Would you still talk to me like that if you knew?
“I…I get scared and start to think of you.” Eddie blurts out, and wants to take it back as soon as he says it, embarrassment flooding his cheeks. He wishes the lamp wasn’t on so he could hide in the dark, but if he turned it off now it would be too obvious. Richie doesn’t respond for just long enough of a time for it to feel uncomfortable and Eddie debates taking it back, make a half-assed joke out of it, ‘cause your face is the scariest thing I’ve ever seen.
He opens his mouth to speak but Richie beats him to it.
“Is it true,” Richie says slowly, in this gentle, almost imploring tone that Eddie’s never heard him use before. “Do you think of me, too?”
Eddie feels like his throat is closing up, his face burning. His fingers twitch on his inhaler but he doesn’t dare lift it to his mouth. His head swims. “Yeah,” Eddie whispers. I think of you all the time, Eddie’s heart yells at him. I think of your stupid jokes and they make me feel better. Eddie refuses to say that aloud. Richie would never let it go. I always feel better with you here. What he actually says, however, is: “You…think of me?”
“Yeah.” Richie says breathily, like he’s in awe of this new information — Eddie knows the feeling — but then quickly recovers. They fall back into familiar territory like it’s a refuge. They won’t speak of any of this in the morning. “I think of this cute Spaghetti face and, poof, all better!” Eddie smacks Richie’s hands away as he tries to pinch at his pinkened cheeks. “Cute, cute, cute!”   
“Spaghetti face? Are you serious?” Richie just laughs and moves to ruffle Eddie’s hair. Eddie shoves him back as far as he can go until Richie’s back hits the wall beside the bed.
“Hey, Eds?”
“What? I hate when you call me that,” Eddie says instinctively.
“C’mere?” Richie’s turned on his side facing Eddie still, his arms spread open wide in invitation, looking hopeful. Eddie hesitates.

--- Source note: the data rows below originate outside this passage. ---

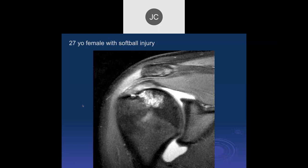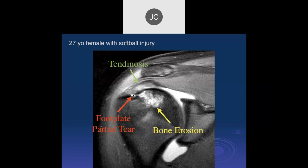27-year-old female with a softball injury. On PD fat-sat we see increased signal in the supraspinatus with traction cysts at the attachment. I'd be most worried about a little partial tear right at the bone interface, with a big bone erosion and tendinosis. So a lot of injury here, but this would still be considered a low-grade partial tear.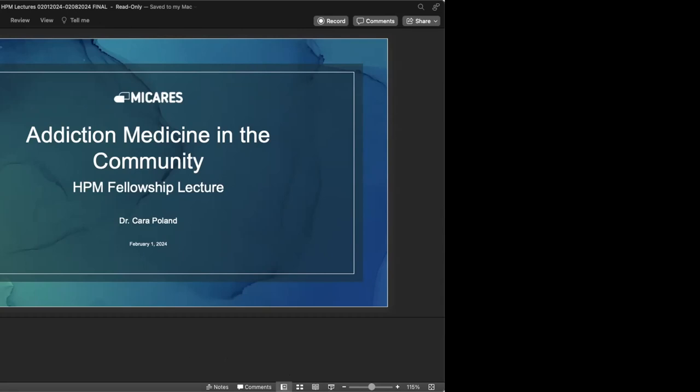It gives me great pleasure this morning to introduce Dr. Kara Polin. Those who have been veterans of our lecture series are well familiar with her work and the expertise that she has graciously agreed to share with us this morning.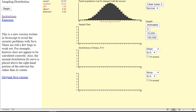Hey there. Welcome back to the Statistics Fun Room. In this video, we're going to take a look at confidence intervals. Over the next three videos, we're going to look at confidence intervals, and each one is going to be slightly different. In this video, we're going to introduce the idea and look at one particular application.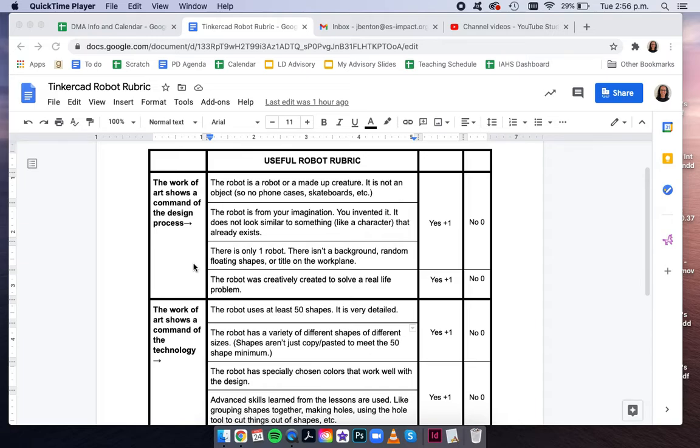In your work plane, there should only be one robot. There should not be any background, random floating shapes, or a title.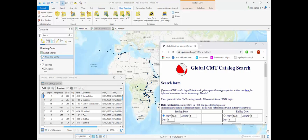Hi there! In this video I'm going to show you how to visualize stress measurements in the form of focal mechanisms on ArcGIS Pro.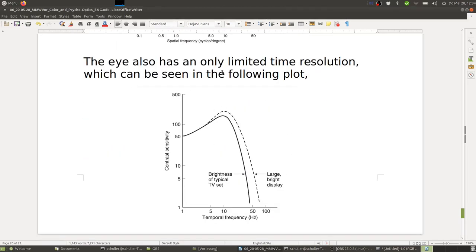The eye also has a limited time resolution. Around 10 Hz we get very obvious flicker — the eye is very sensitive to 10 flickers per second. To avoid flicker, we need to go to 50 Hertz or more for frame rate. For bright displays, we need around 80 Hertz or higher. This is also why large computer displays need high frame repetition rates. The critical flicker frequency is not constant but increases as brightness increases.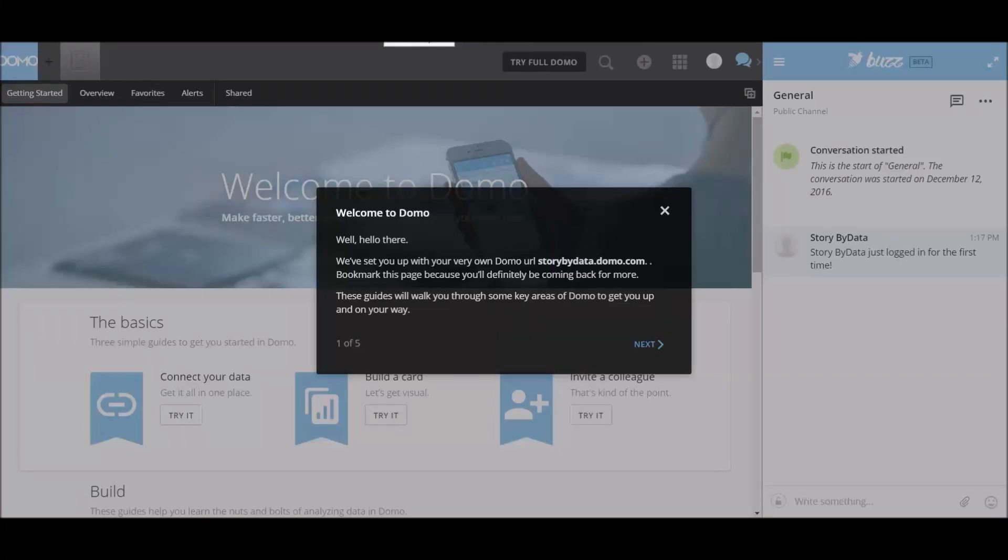When I signed in, it says welcome to Domo. Well, hello there. We've set you up with your very own Domo URL. So my URL is storybydata.domo.com and they've asked to bookmark this page, which I did because I'll be coming back. These guides will walk me through some of the key areas of Domo to get me up on my way. So let's go ahead and click next.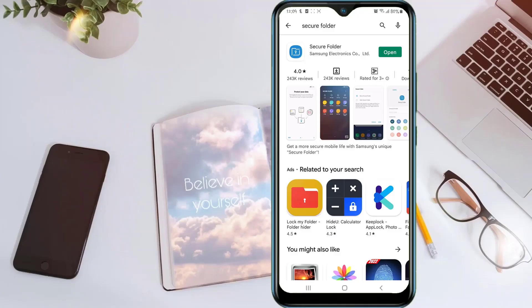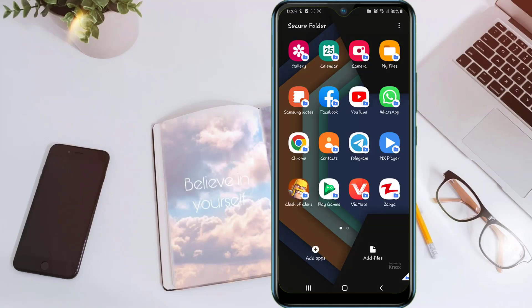This app is called Secure Folder. It is already installed on some Android devices, but if you don't have this app and your Android version is higher than 7.0, you can install it from the Play Store easily. After installation, just open this app.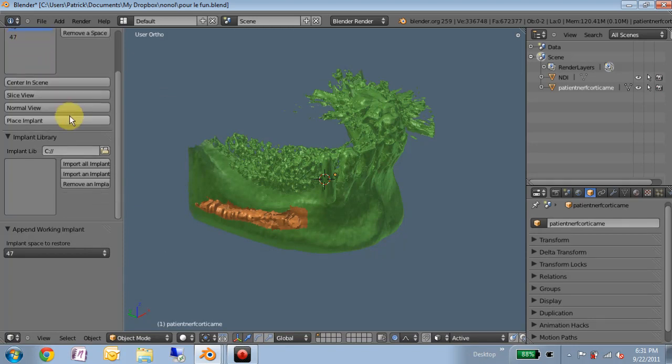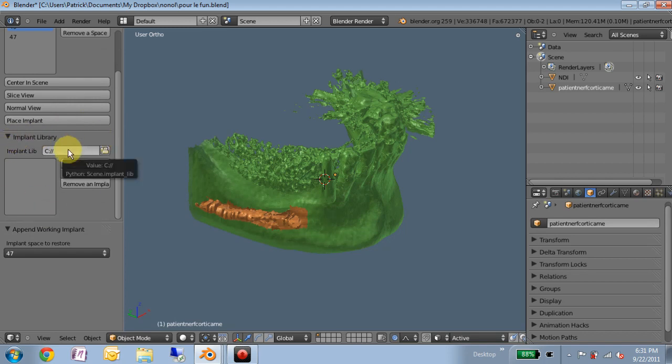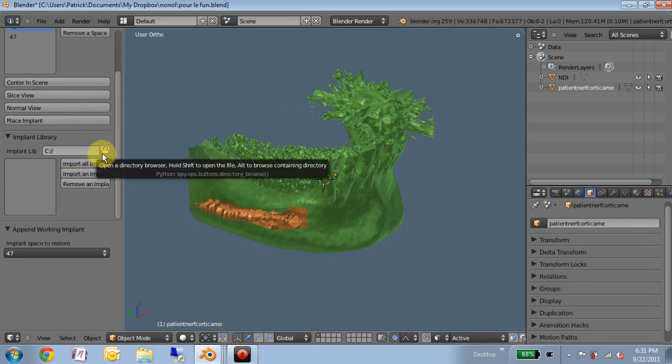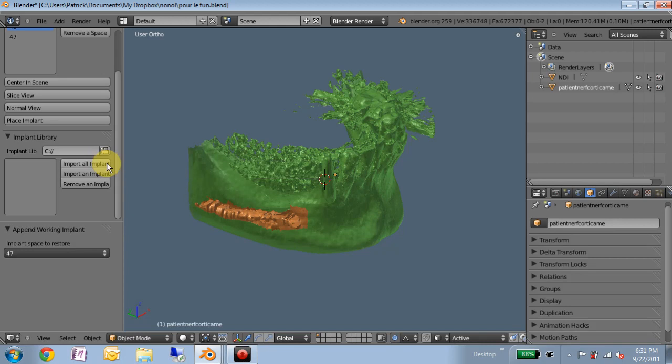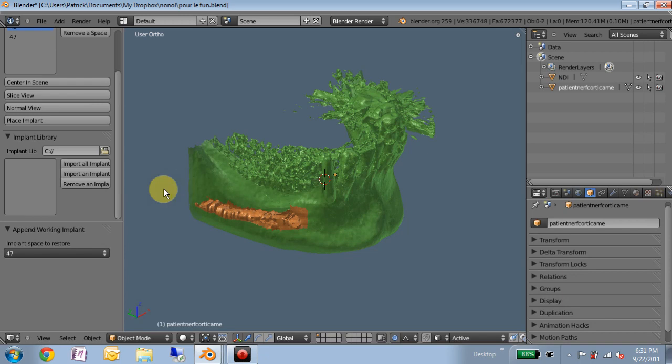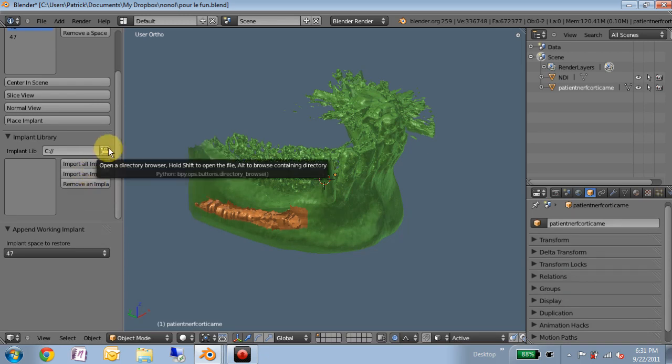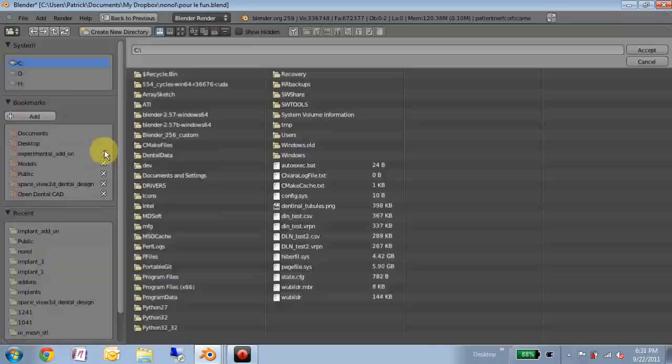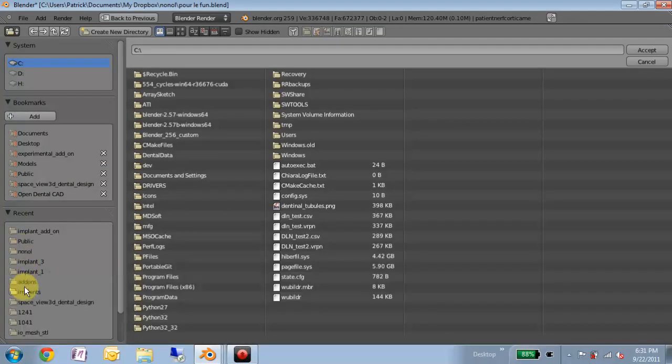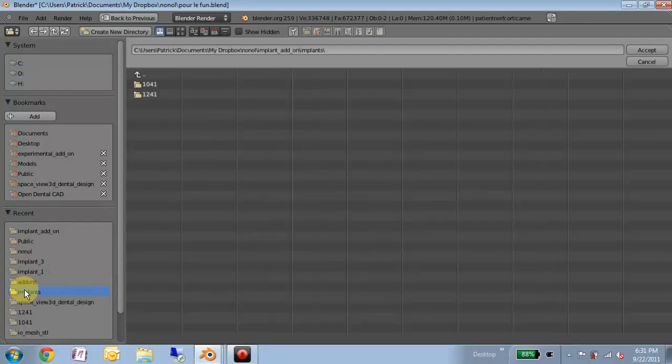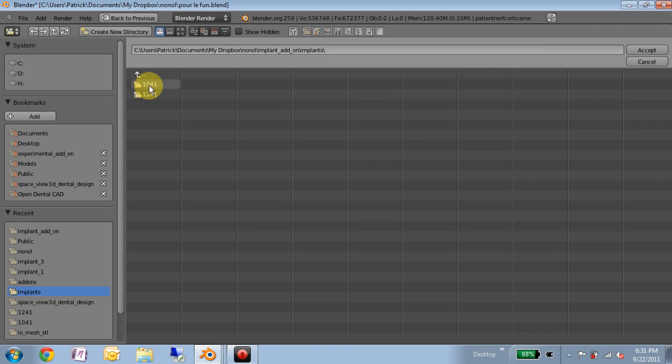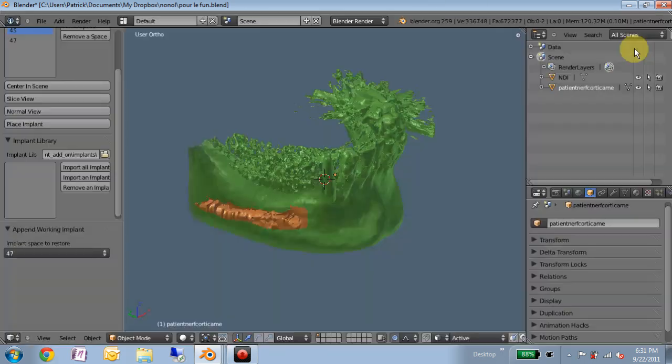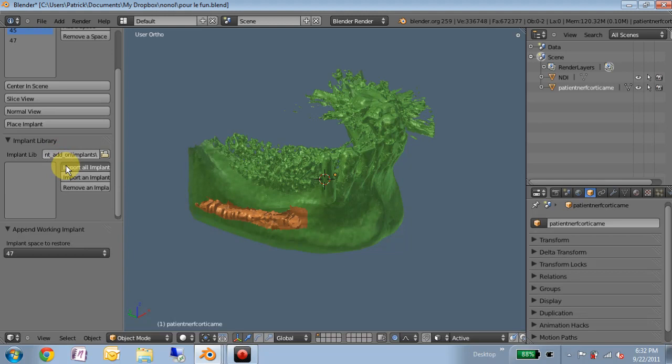Secondly, the implant library is something you should be able to set up one time and save the blend file and not have to adjust again. There's two options here. We can import each implant individually, or we can set a folder as the library and import all the implants in that folder. So if I choose this folder on my computer, which has these two example implants, that sets my implant library folder, and then I can import all the implants from that directory.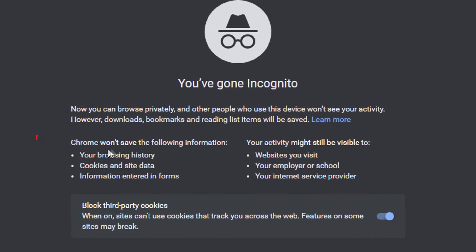And as you can see here it says Chrome won't save the following information: your browsing history, your cookies and site data, and information entered into forms.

How could you let me hug you?
How could you let me sleep in your bed?
That little reassuring smile is back.
“I won’t bite,” Richie says, and makes grabby hands at Eddie, followed by a wink that’s a few beats too long. “Not unless you want me to.”
We’d never leave you, y’know.
We love you, no matter what, Eds.
Do you think of me, too?
Eddie takes a deep breath and decides to be selfish. He scoots across the small space between them and lets Richie wrap his gangly noodle arms around him, ignoring the fact that Richie’s still wearing the same outfit he wore the entire day before, and the way that he smells like old sweat and cigarette smoke.
If — when he tells them, he decides,  he’ll let it happen. He’ll face the music. Eddie’s faced worse things, right? But for now he’s going to pretend that none of it’s possible; that Richie’s right and they’ll all still love him regardless. For now, he’s going to let Richie hold him.
When Eddie falls back to sleep, it’s dreamless.